WORK INSTRUCTION –
Print the entries underneath word for word, omitting whatever pictures they contain.

DATA EXCERPTS –
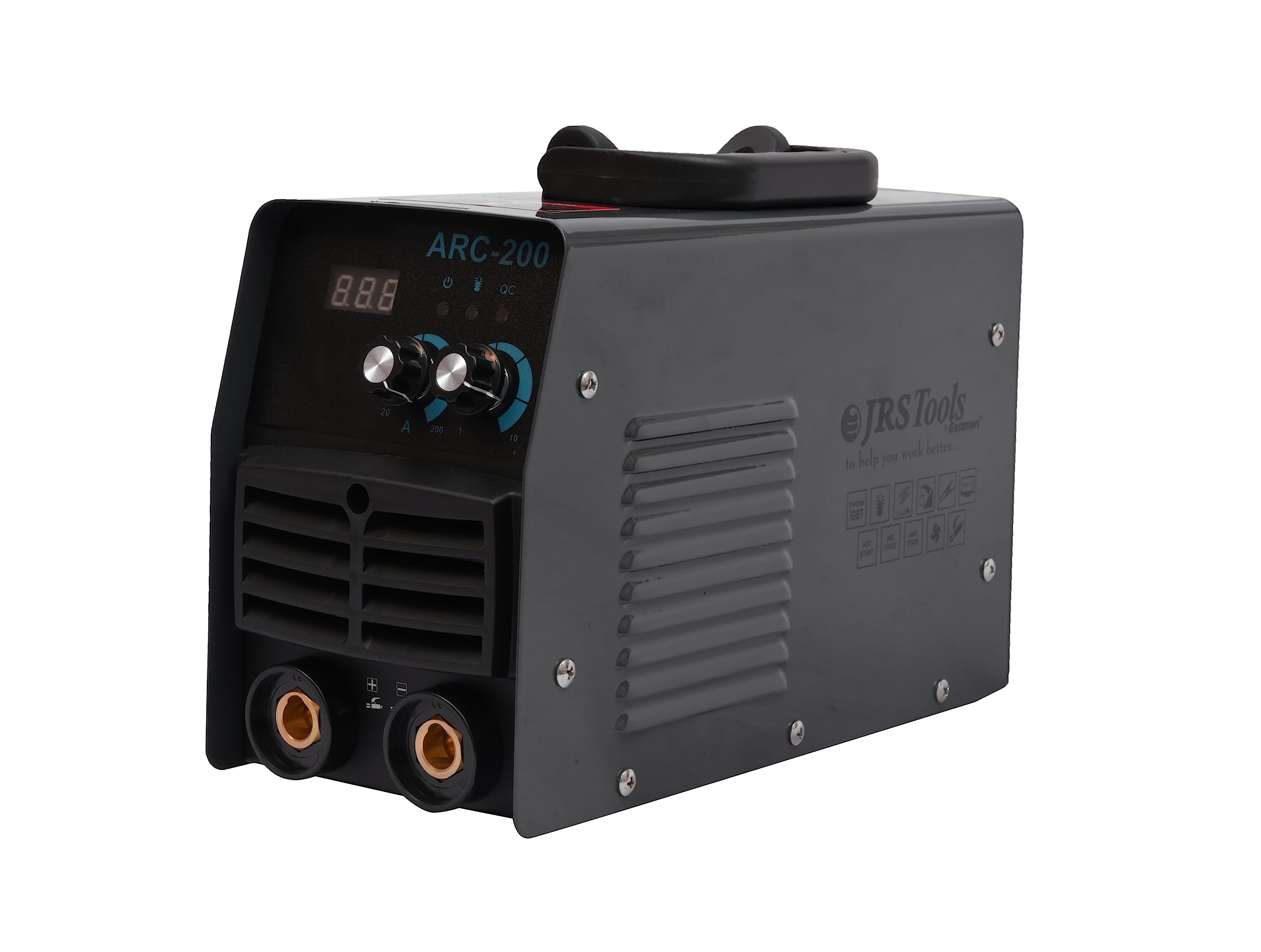 Eastman Heavy Duty Inverter Arc Welding Machine,250V Input Voltage With Hot Start And Anti-Stick Function, 50/60 Hz Frequency,200 A Welding Current (EAWSI-200) (B09RMQMQDW) Amazon Price History, Amazon Price Tracker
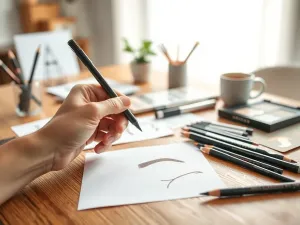 Jak narysować brwi? Praktyczne porady i techniki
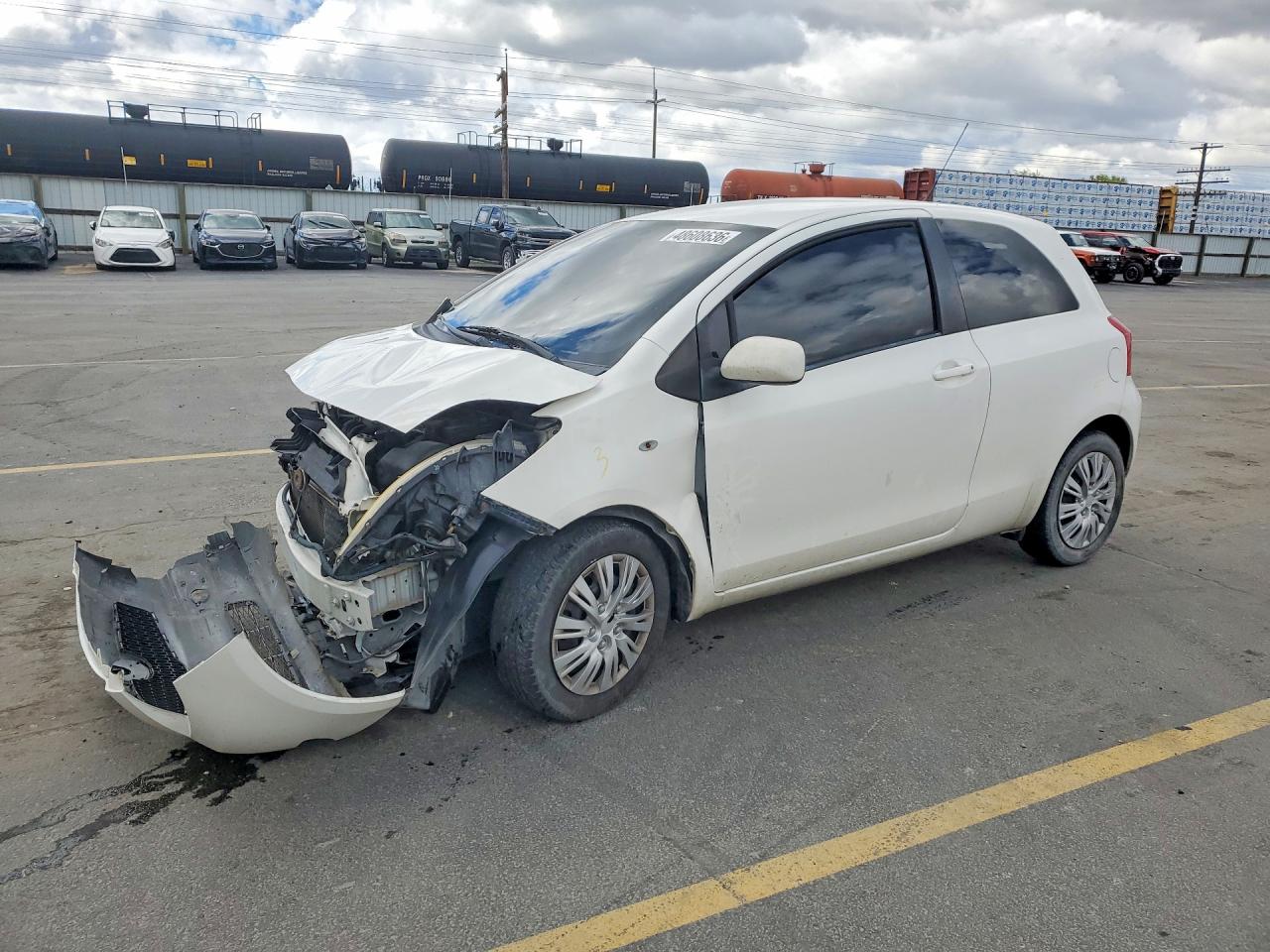 2008 TOYOTA YARIS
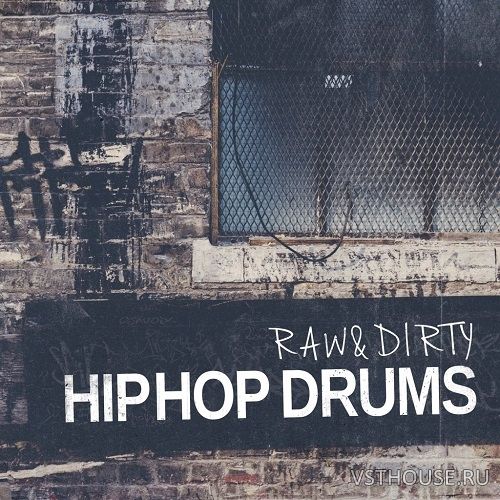 Life And Death - Raw And Dirty Hip Hop Drums (WAV) Life And Death - Raw And Dirty Hip Hop Drums (WAV)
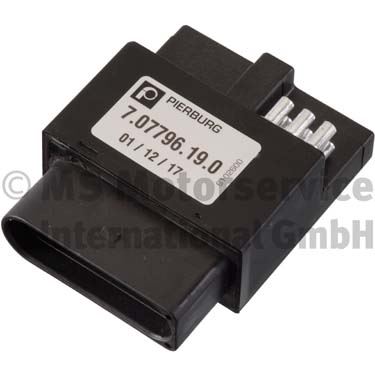 Control Unit For Fuel Pump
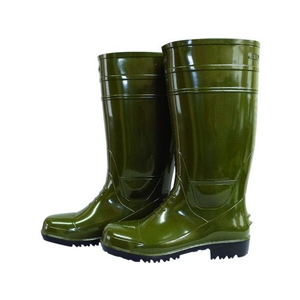 福山ゴム工業 ガロア10(先芯入り・耐油) カーキ 3L 27.5～28.0cm39.9cm FC254FK-7900309-イメージ2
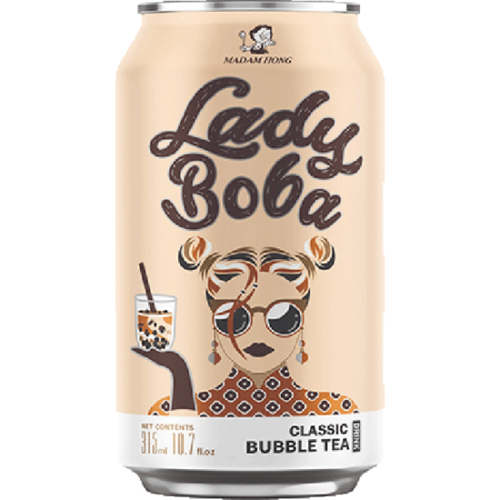 Madam Hong - Classic Bubble Tea 330ml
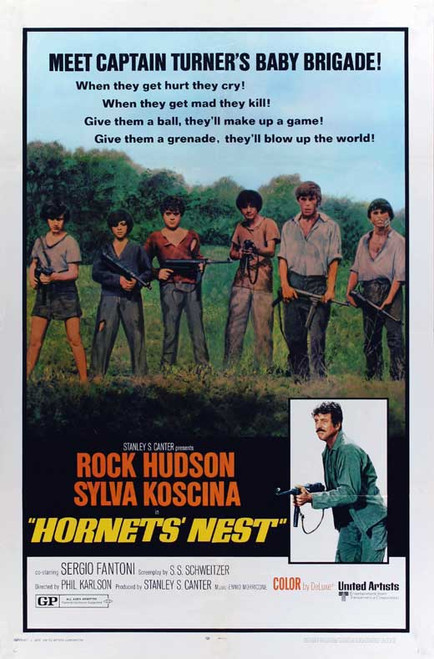 Hornet´s Nest (1970) - Rock Hudson  DVD Hornet´s Nest (1970) - Rock Hudson  DVD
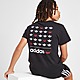 Black adidas Originals Back Hit Repeat Logo T-Shirt Junior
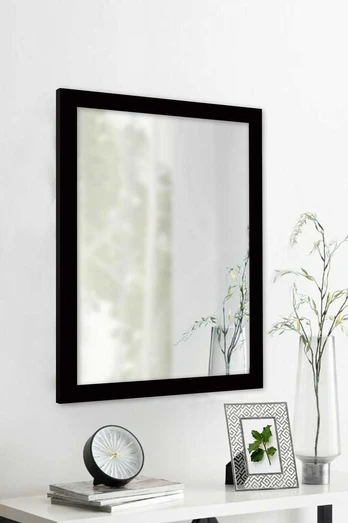 Dekoratyvinis veidrodis Framed - Juodas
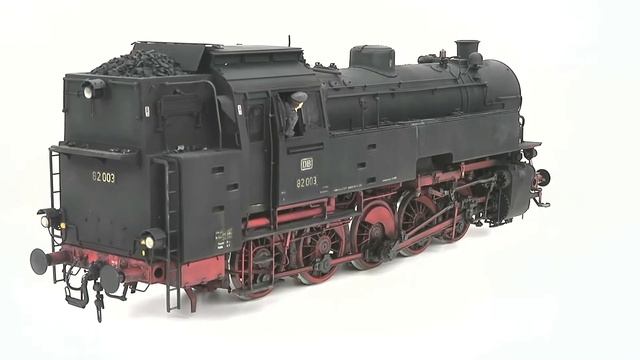 KM1 Spur I Dampflok BR 82 003 der DB, OVP, PREMIUM PATINIERT ! смотреть онлайн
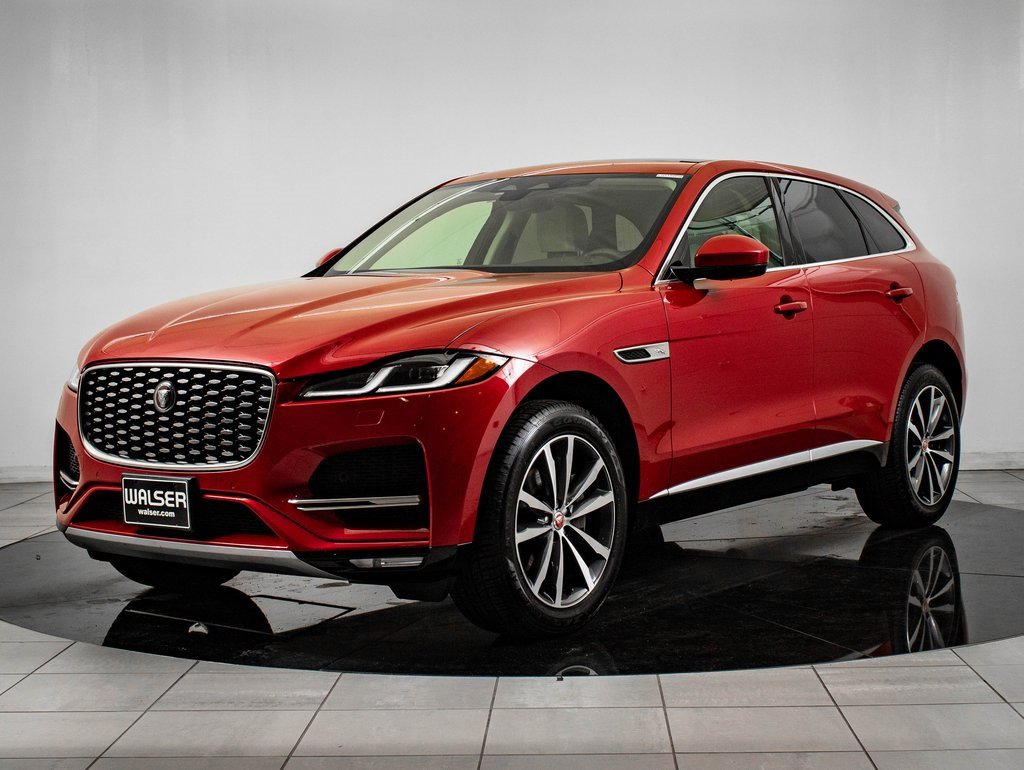 2023 Jaguar F-PACE S's photo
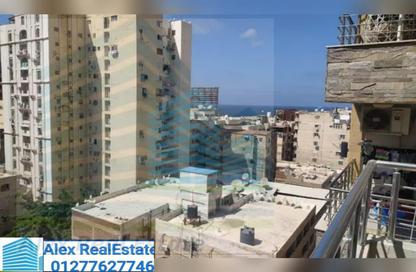شقة - 3 غرف نوم - 3 حمامات للايجار في طريق الجيش - جليم - حي شرق - الاسكندرية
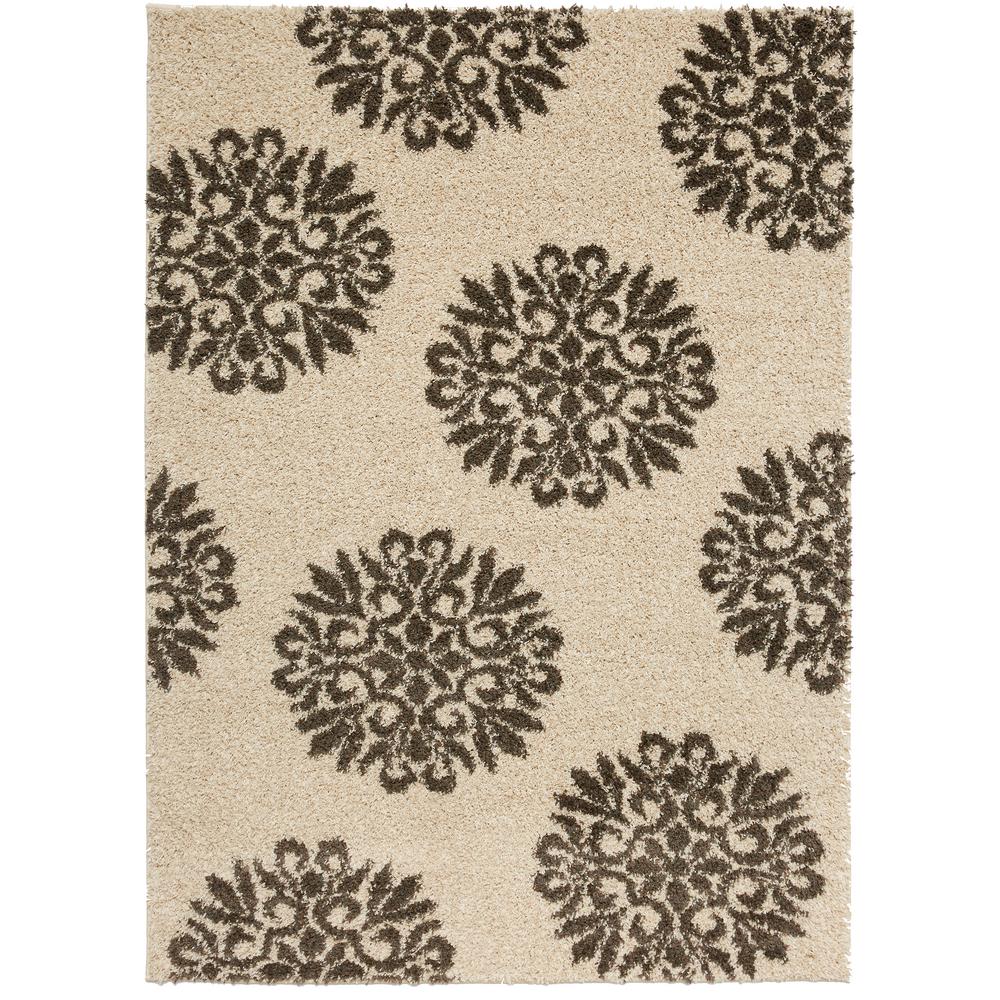 Mohawk Exploded Medallions COCOA 12 ft. x 14 ft. Indoor Area Rug611958 The Home Depot
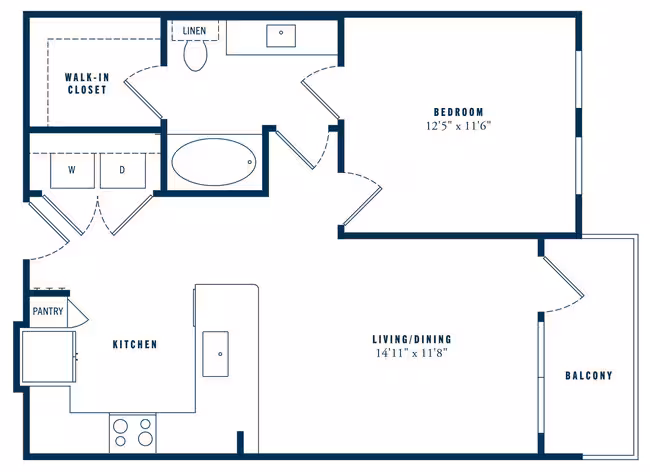 Unit 09205 09205 floor plan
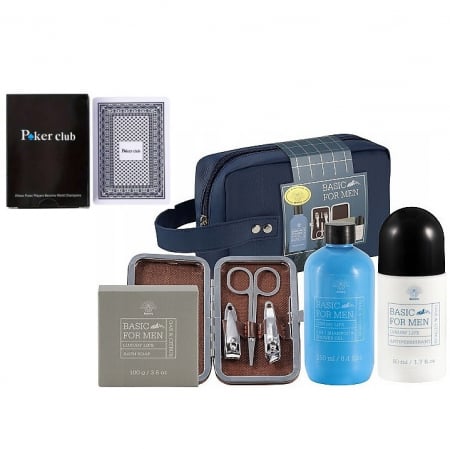 Set cosmetice Basic for Men & Carti de Joc Poker Star [0]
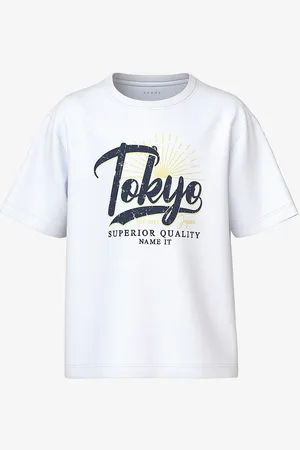 NAME IT T-shirt nkmVilogo SS Nreg Top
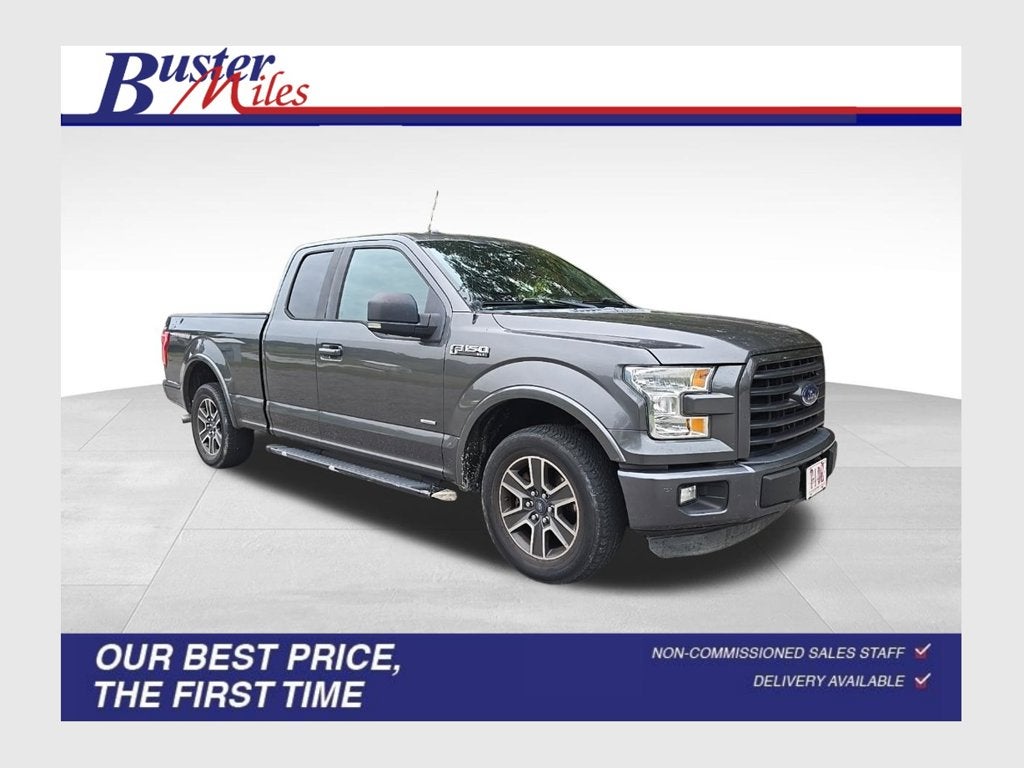 2015 Ford F-150 XLT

ANSWER SPACE –
 Eastman Heavy Duty Inverter Arc Welding Machine,250V Input Voltage With Hot Start And Anti-Stick Function, 50/60 Hz Frequency,200 A Welding Current (EAWSI-200) (B09RMQMQDW) Amazon Price History, Amazon Price Tracker
 Jak narysować brwi? Praktyczne porady i techniki
 2008 TOYOTA YARIS
 Life And Death - Raw And Dirty Hip Hop Drums (WAV) Life And Death - Raw And Dirty Hip Hop Drums (WAV)
 Control Unit For Fuel Pump
 福山ゴム工業 ガロア10(先芯入り・耐油) カーキ 3L 27.5～28.0cm39.9cm FC254FK-7900309-イメージ2
 Madam Hong - Classic Bubble Tea 330ml
 Hornet´s Nest (1970) - Rock Hudson  DVD Hornet´s Nest (1970) - Rock Hudson  DVD
 Black adidas Originals Back Hit Repeat Logo T-Shirt Junior
 Dekoratyvinis veidrodis Framed - Juodas
 KM1 Spur I Dampflok BR 82 003 der DB, OVP, PREMIUM PATINIERT ! смотреть онлайн
 2023 Jaguar F-PACE S's photo
شقة - 3 غرف نوم - 3 حمامات للايجار في طريق الجيش - جليم - حي شرق - الاسكندرية
 Mohawk Exploded Medallions COCOA 12 ft. x 14 ft. Indoor Area Rug611958 The Home Depot
 Unit 09205 09205 floor plan
 Set cosmetice Basic for Men & Carti de Joc Poker Star [0]
 NAME IT T-shirt nkmVilogo SS Nreg Top
 2015 Ford F-150 XLT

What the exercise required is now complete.